Since removing itself from the European Union and its procurement framework (e.g. the free movement of goods and services) the United Kingdom is positioning itself to establish a new procurement infrastructure.

Public procurement refers to the purchase by governments and state-owned enterprises of goods, services and works. According to the OECD (The Organisation for Economic Co-operation and Development), since “public procurement accounts for a substantial portion of the taxpayers’ money, governments are expected to carry it out efficiently and with high standards of conduct in order to ensure high quality of service delivery and safeguard the public interest.”

‘The Procurement Bill’ which is currently passing through the House of Lords on its way to being ratified has, according to Theo Clay, policy manager at charity think tank New Philanthropy Capital (NPC), problematic and “vague wording” which is liable to put profits before people. 

The UK government says that “one in every three pounds of public money, some £300bn a year, is spent on public procurement.”

Clay says that “Social value is not explicitly mentioned at all in the Procurement Bill at the moment, though it is in committee stage in the Lords and amendments are being discussed at the moment which may try and tackle this issue.”
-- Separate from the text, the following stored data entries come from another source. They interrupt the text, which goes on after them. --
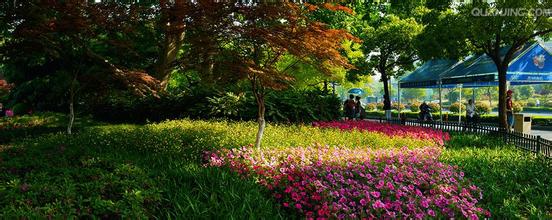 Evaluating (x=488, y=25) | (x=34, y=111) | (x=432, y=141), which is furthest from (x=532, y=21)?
(x=34, y=111)

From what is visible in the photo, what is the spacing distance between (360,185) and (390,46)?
955 inches

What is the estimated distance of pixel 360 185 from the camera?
477 centimetres

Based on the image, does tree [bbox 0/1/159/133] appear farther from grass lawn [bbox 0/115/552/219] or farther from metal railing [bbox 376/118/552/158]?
metal railing [bbox 376/118/552/158]

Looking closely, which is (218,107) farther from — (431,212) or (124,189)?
(431,212)

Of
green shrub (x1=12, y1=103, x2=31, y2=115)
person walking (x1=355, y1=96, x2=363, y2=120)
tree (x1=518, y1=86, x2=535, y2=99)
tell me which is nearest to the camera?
green shrub (x1=12, y1=103, x2=31, y2=115)

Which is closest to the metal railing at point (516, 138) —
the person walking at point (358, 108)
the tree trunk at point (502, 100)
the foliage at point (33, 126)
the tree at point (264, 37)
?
the tree trunk at point (502, 100)

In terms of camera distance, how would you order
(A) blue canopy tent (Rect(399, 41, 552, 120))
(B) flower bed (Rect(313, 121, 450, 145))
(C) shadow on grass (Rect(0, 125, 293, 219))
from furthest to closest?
(A) blue canopy tent (Rect(399, 41, 552, 120)) < (B) flower bed (Rect(313, 121, 450, 145)) < (C) shadow on grass (Rect(0, 125, 293, 219))

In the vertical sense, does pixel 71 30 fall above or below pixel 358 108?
above

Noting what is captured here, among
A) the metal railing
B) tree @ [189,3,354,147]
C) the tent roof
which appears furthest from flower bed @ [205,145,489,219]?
the tent roof

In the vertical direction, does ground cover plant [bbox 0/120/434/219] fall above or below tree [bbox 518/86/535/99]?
below

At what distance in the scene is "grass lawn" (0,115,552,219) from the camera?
13.5ft

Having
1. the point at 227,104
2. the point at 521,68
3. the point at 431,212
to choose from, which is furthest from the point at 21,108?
the point at 521,68

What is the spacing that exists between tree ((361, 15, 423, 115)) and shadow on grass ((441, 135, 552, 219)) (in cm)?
1688

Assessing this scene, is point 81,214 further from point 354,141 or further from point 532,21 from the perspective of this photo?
point 532,21
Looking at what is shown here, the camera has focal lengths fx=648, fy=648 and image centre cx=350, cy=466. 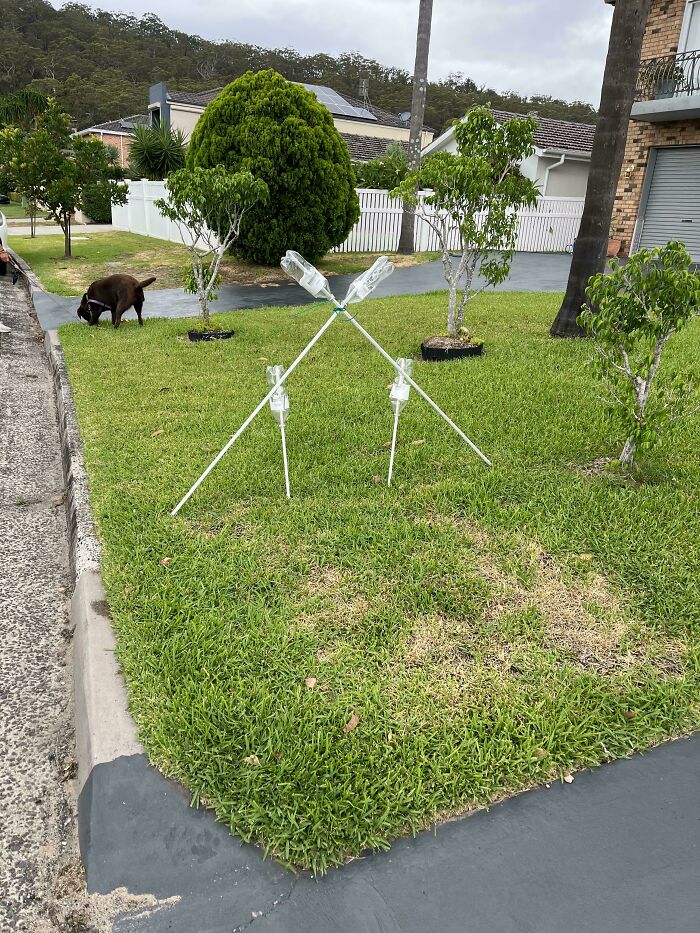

The bill instead focuses on ‘value for money’ including a clause around ‘public benefit’, “but we believe” he says, “this vague wording will not be sufficient to encourage better working practices between government and charities which delivers actual social value.”

On this issue, a government spokesperson said: “The Procurement Bill will require public sector procurers to have regard to the priorities set out in the National Procurement Policy Statement, including in relation to social value. Our procurement reforms will bring in a simpler and more accessible system, which delivers positive social value for broader society.”

It must not be forgotten that the end-goal of procurement projects and infrastructures is ultimately the well-being of the public. Even where business is at the seeming-centre of procurement activity, the relationship between business and the people should always aim to be a symbiotic one.

The public interest has to be an important, if not the central issue in procurement, and businesses as well as governments must not lose sight of this ultimate objective if they are to succeed.